À época hospedeira da TAP, conhecera o proprietário do Frágil quando ele trabalhou na empresa, "em terra". E seguiu-lhe o percurso, primeiro na loja de roupa Jonatas, já no Bairro Alto, e depois na abertura do bar que se faria mito. Nascida em Moçambique e viajada, Helena tinha em relação à maioria dos novos frequentadores do Bairro Alto a vantagem de poder comprar coisas fora. Mas mesmo assim, recorda que "as roupas tinham de se inventar - era tudo criado na hora. Trazia revistas de Nova Iorque, discos, não havia nada em Portugal. Às vezes eu e o Julião, quando ainda vivíamos no Chiado, tínhamos umas 30 pessoas em casa a ver revistas."
Ainda assim, nota, "havia um ar do tempo que as pessoas, mesmo sem quase nenhum acesso a informação vinda de fora, apanhavam.
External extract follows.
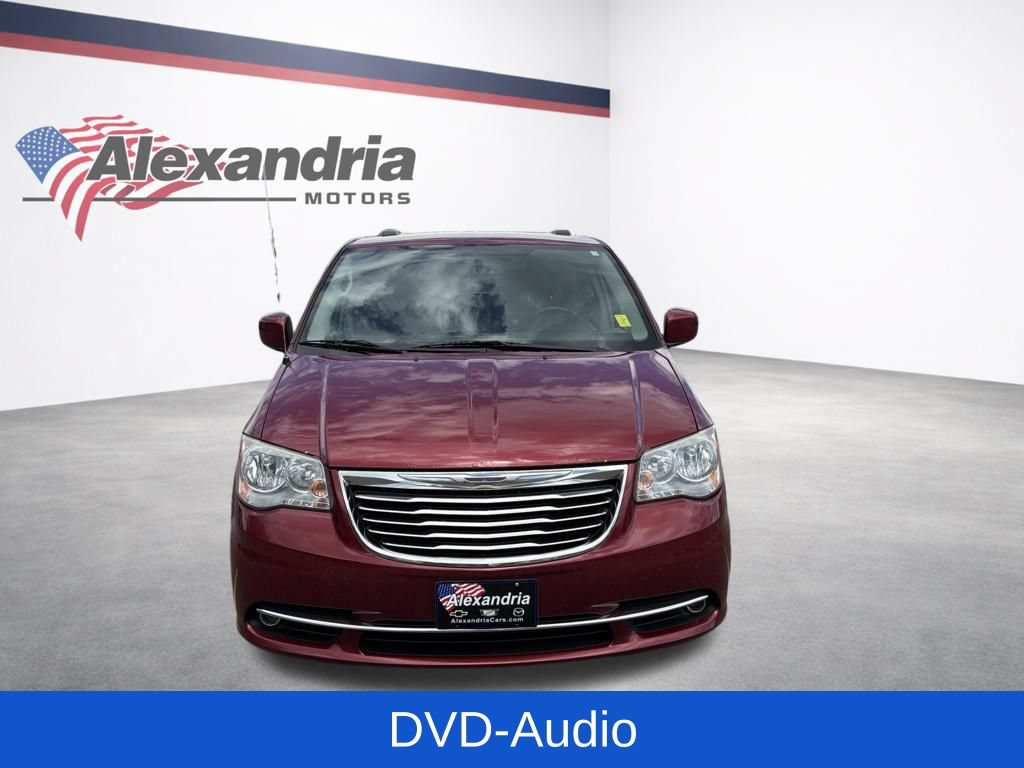 Used 2014 Chrysler Town & Country Touring FWD image 2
Não se notava, naquelas pessoas que faziam parte do grupo do Bairro Alto, uma grande diferença estética em relação às que eu via em Londres e nas outras cidades cosmopolitas que visitava." À distância, Helena vê no Frágil e no Bairro Alto, onde se sentia como "tendo passado uma fronteira, porque ali, ao contrário do que se passava no resto da cidade, ninguém nos julgava, ninguém mandava bocas -- havia um pacto entre aquela população de uma classe social baixa, num bairro considerado "arriscado", "marginal", e nós --", um refúgio do paroquialismo, "algo de filosoficamente muito claro, a recusa de todas as tradições." Que implicava também, reconhece, "uma enorme arrogância, e um sentimento de superioridade, o de que nós é que éramos a vanguarda, nós é que sabíamos." Respira fundo. "Tínhamos a noção de que estávamos a fazer uma rutura."
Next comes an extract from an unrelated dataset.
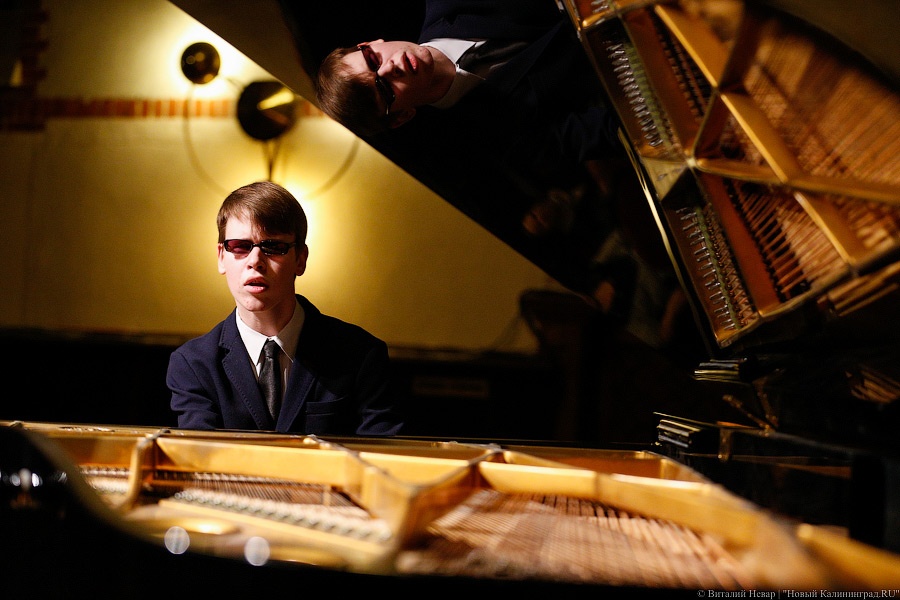 Навстречу мечте: как прошел концерт в поддержку 16-летнего слепого пианиста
Difícil avaliar o extraordinário disso no país de hoje, no Bairro Alto de hoje, na noite massificada de centenas de bares e milhares de pessoas e na pulsão de uniformidade que se revela aos olhos de Helena quando diz às netas "vocês querem vestir-se todos de igual, nós queríamos ser o mais diferente possível." Mas talvez aquilo que Leonaldo de Almeida, o Nanau que começou a pôr música na abertura do Frágil e continua hoje no Lux, aos 60 anos, vê como "andar tudo de uniforme" seja apenas a descontração de poder ser (com maiúsculas) sem ter de o proclamar, sem ter de abrir caminho arrostando raiva e agressões sortidas. "Naquela altura não existia a banalidade, era tudo especial. Mas não era fácil", conclui Nanau. E não terá sido essa a grande conquista, que agora seja?